Brigadier General Virgil Almos Richard ( September 4, 1937 – September 11, 2013) was a retired US Army General who served 32 years of active military service of which 30 were devoted to Financial Management. Richard became an outspoken critic of the "Don't ask, don't tell" policy of the U.S. Armed Forces and gained national media attention as a part of a small group of high-ranking military officers who came out as gay after retirement.[1][2]

Early life[edit]

Richard was born in Anthony, Kansas, and grew up in rural Wakita, Oklahoma. He received his BS in accounting from Oklahoma State University (where he was a member of Phi Kappa Tau fraternity), his Master of Business Administration (Managerial Economics) from George Washington University and was a graduate of the Advanced Management Program of Columbia University, the U.S. Army Command and General Staff College and the U.S. Army War College. He was also an ROTC Distinguished Military Graduate.

Career[edit]

Richard was an Officer of the Association of the United States Army chapters in Alaska and Indiana, Commander of the Harker Heights, Texas American Legion Post and Assistant State Treasurer of the Texas Department of the American Legion. He was also a Board Member of the Austin Exchange Club, The Texas District Exchange Clubs, and formerly a Board Member of the Capital City Men's Chorus in Austin, Texas.

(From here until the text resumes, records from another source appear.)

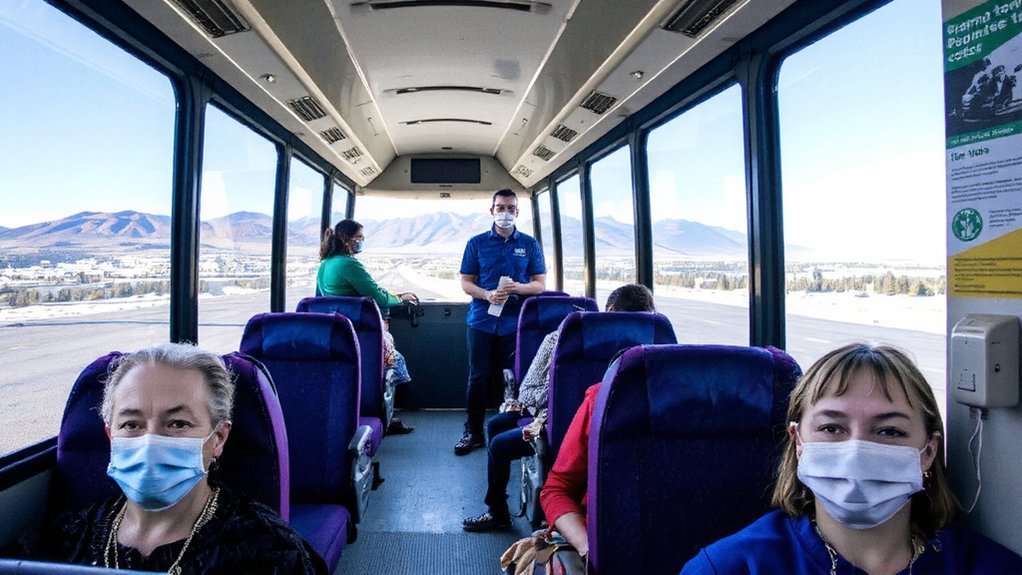 Post-Pandemic Senior Bus Tours: What's Changed and What to Expect upgraded filtration and screenings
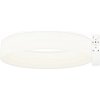 LED stropné svietidlo Top Light Halo 60 RC 60 W 6000 lm 3000-6500K biele s diaľkovým ovládaním LED stropné svietidlo Top Light Halo 60 RC 60 W 6000 lm 3000-6500K biele s diaľkovým ovládaním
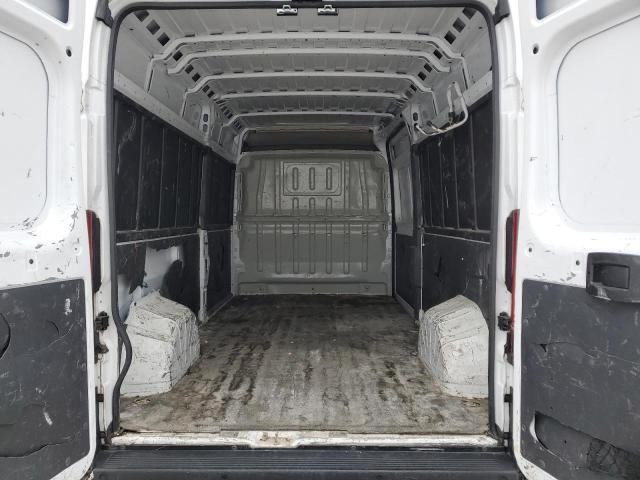 3C6TRVDG3KE507693 - 2019 RAM PROMASTER 2500 HIGH Ақ фото 10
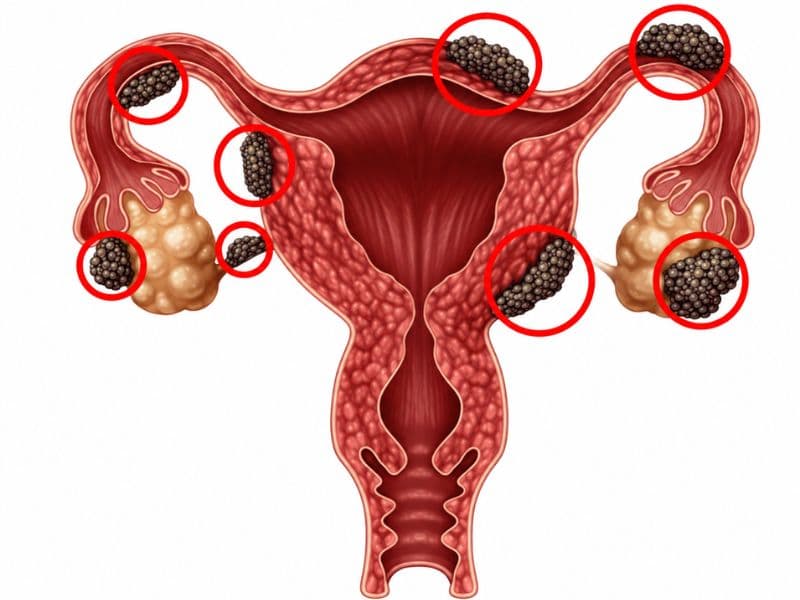 Endometriosis consultation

He is a recipient of the Army Distinguished Service Medal, the Bronze Star with 1 Oak Leaf Cluster, the Legion of Merit with 4 Oak Leaf Clusters, Army Meritorious Service Medal with two Oak Leaf Clusters, Joint Service Commendation Medal, and the Army Commendation Medal with one Oak Leaf Cluster.

Personal life[edit]

Richard had three sons from his marriage to the late Bonnie Raylene Farrar. Throughout his military career, Richard had assignments in Honolulu, HI, Anchorage, AK, Indianapolis, IN, Washington, DC, and retired in 1991 at Fort Hood, TX. From 1998 until his death, he lived in Austin, Texas with his partner of 16 years, David W. Potter.